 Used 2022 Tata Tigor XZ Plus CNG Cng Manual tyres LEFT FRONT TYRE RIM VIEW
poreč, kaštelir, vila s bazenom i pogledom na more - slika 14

= = =

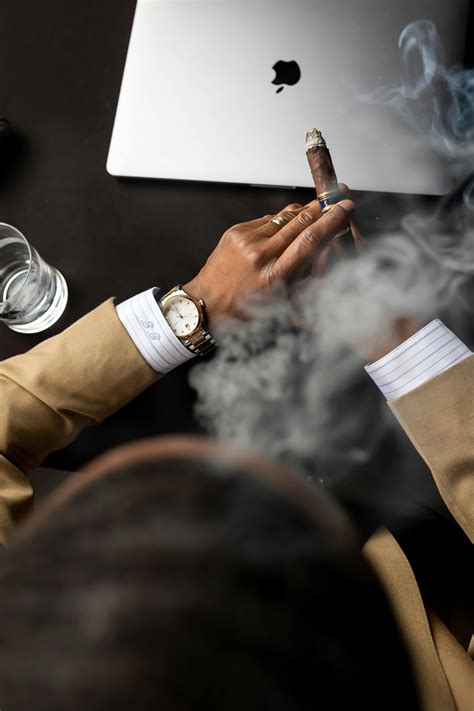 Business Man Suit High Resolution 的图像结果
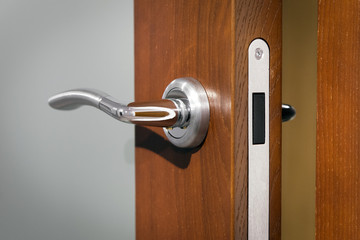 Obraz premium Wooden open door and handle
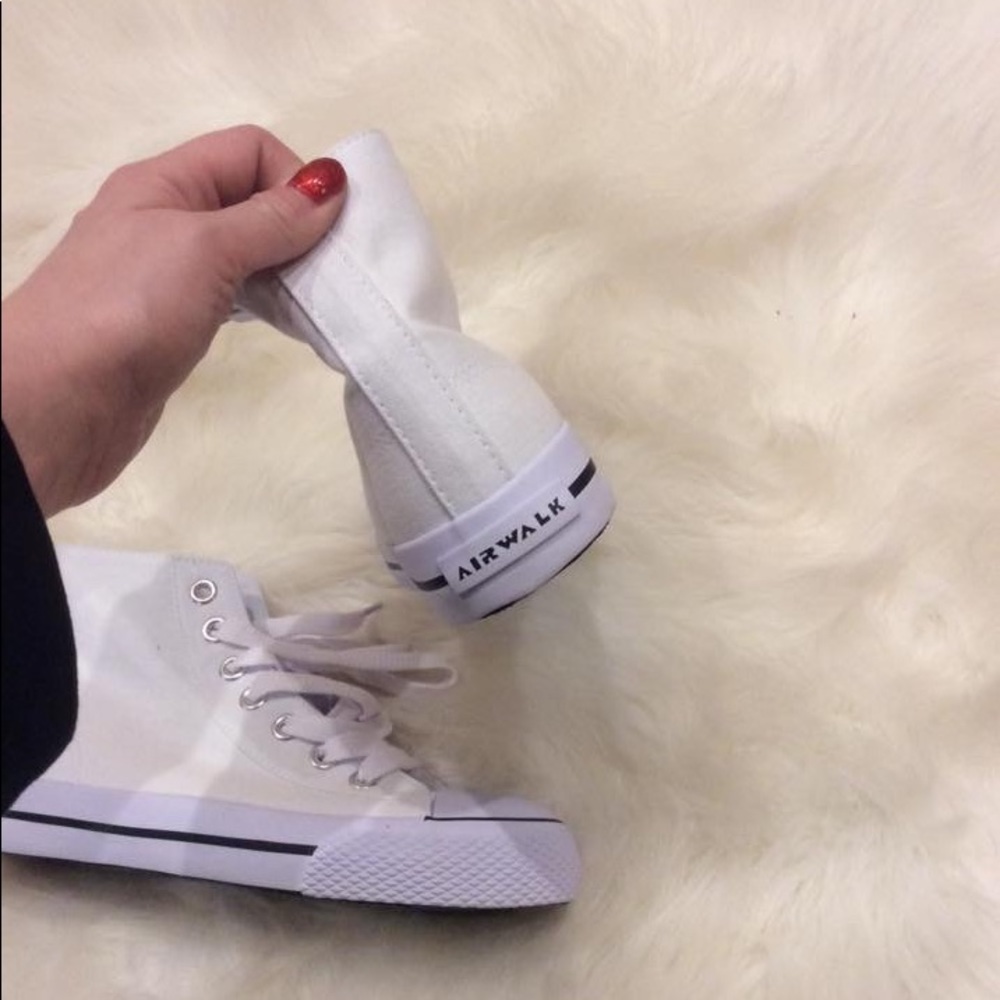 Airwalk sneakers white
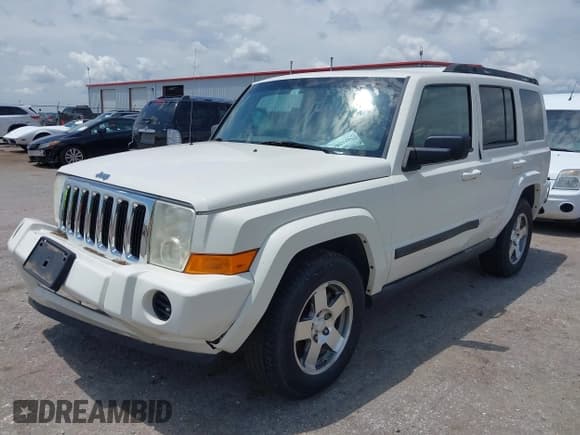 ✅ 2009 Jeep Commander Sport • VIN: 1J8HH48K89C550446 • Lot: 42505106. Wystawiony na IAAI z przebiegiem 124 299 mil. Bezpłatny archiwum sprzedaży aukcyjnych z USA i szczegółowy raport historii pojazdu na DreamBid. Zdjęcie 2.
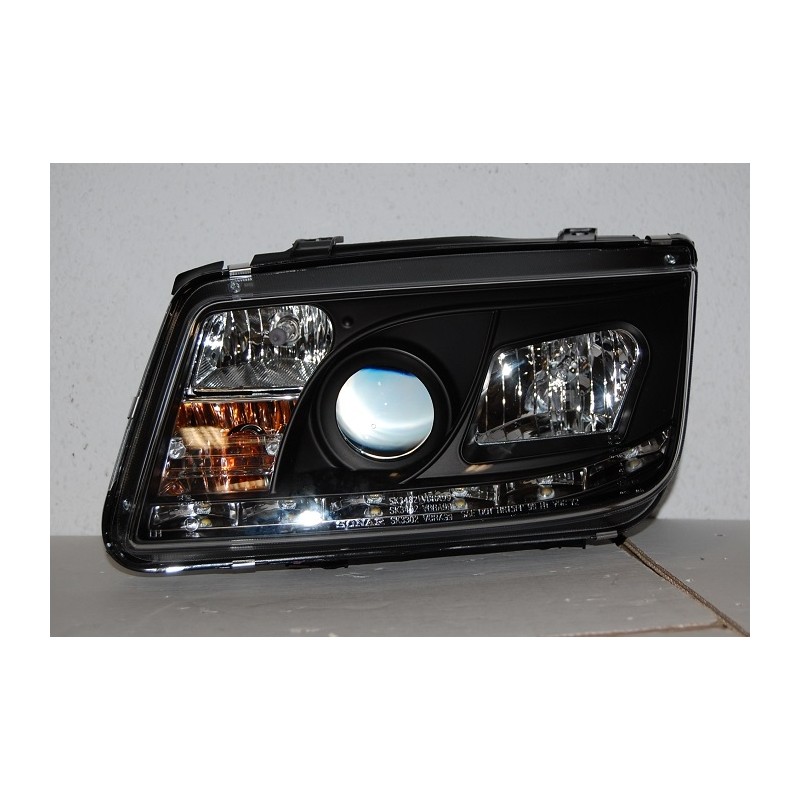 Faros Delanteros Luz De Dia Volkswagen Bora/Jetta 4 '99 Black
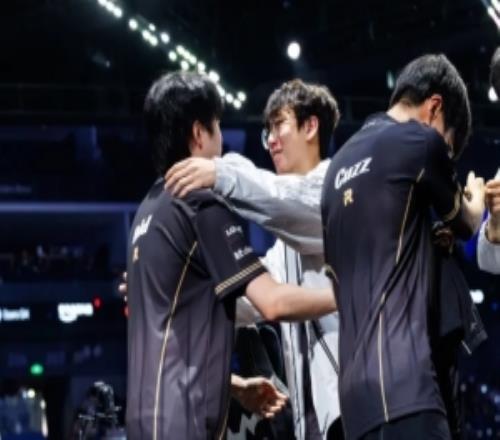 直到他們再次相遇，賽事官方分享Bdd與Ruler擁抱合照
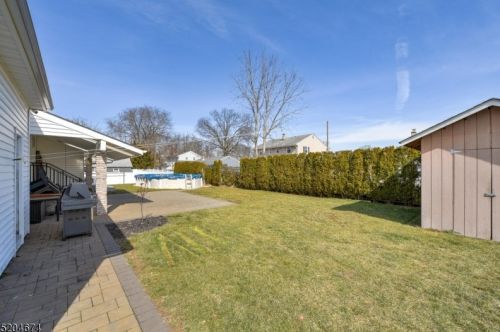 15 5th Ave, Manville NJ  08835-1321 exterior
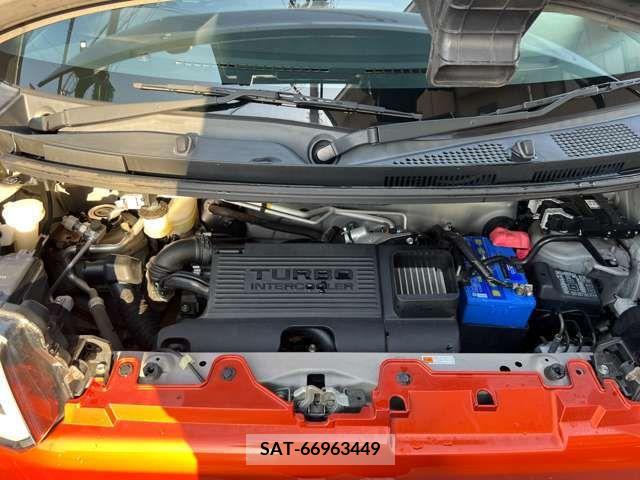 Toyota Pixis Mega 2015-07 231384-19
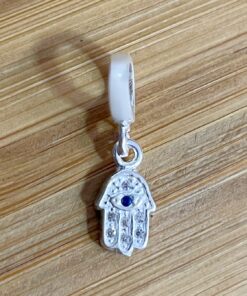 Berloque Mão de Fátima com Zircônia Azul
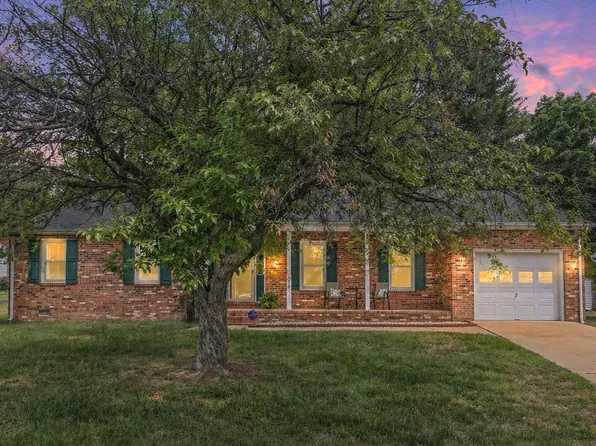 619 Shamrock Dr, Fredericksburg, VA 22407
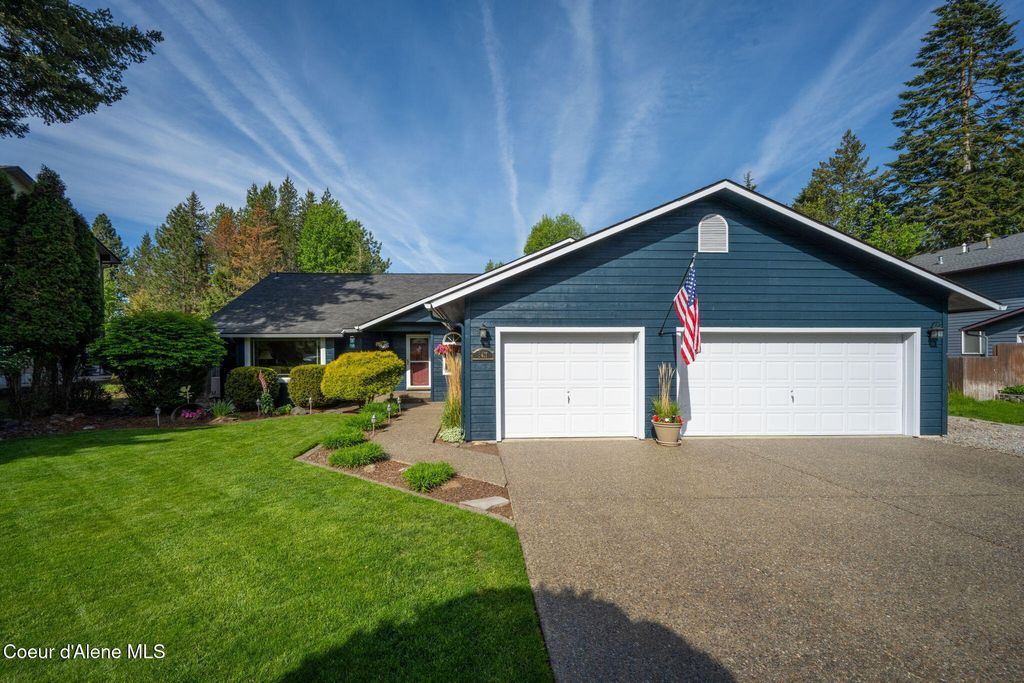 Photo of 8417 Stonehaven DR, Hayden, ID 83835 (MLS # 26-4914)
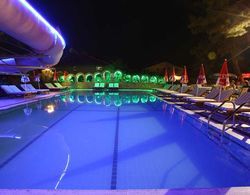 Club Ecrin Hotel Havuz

= = =

Requirement: Above are some records; quote exactly and only the lines that begin at the line containing "Airwalk sneakers white" and stop after the line containing "Club Ecrin Hotel Havuz", leaving out the pictures.

Solution to this exercise:
 Airwalk sneakers white
 ✅ 2009 Jeep Commander Sport • VIN: 1J8HH48K89C550446 • Lot: 42505106. Wystawiony na IAAI z przebiegiem 124 299 mil. Bezpłatny archiwum sprzedaży aukcyjnych z USA i szczegółowy raport historii pojazdu na DreamBid. Zdjęcie 2.
 Faros Delanteros Luz De Dia Volkswagen Bora/Jetta 4 '99 Black
 直到他們再次相遇，賽事官方分享Bdd與Ruler擁抱合照
 15 5th Ave, Manville NJ  08835-1321 exterior
 Toyota Pixis Mega 2015-07 231384-19
 Berloque Mão de Fátima com Zircônia Azul
 619 Shamrock Dr, Fredericksburg, VA 22407
 Photo of 8417 Stonehaven DR, Hayden, ID 83835 (MLS # 26-4914)
 Club Ecrin Hotel Havuz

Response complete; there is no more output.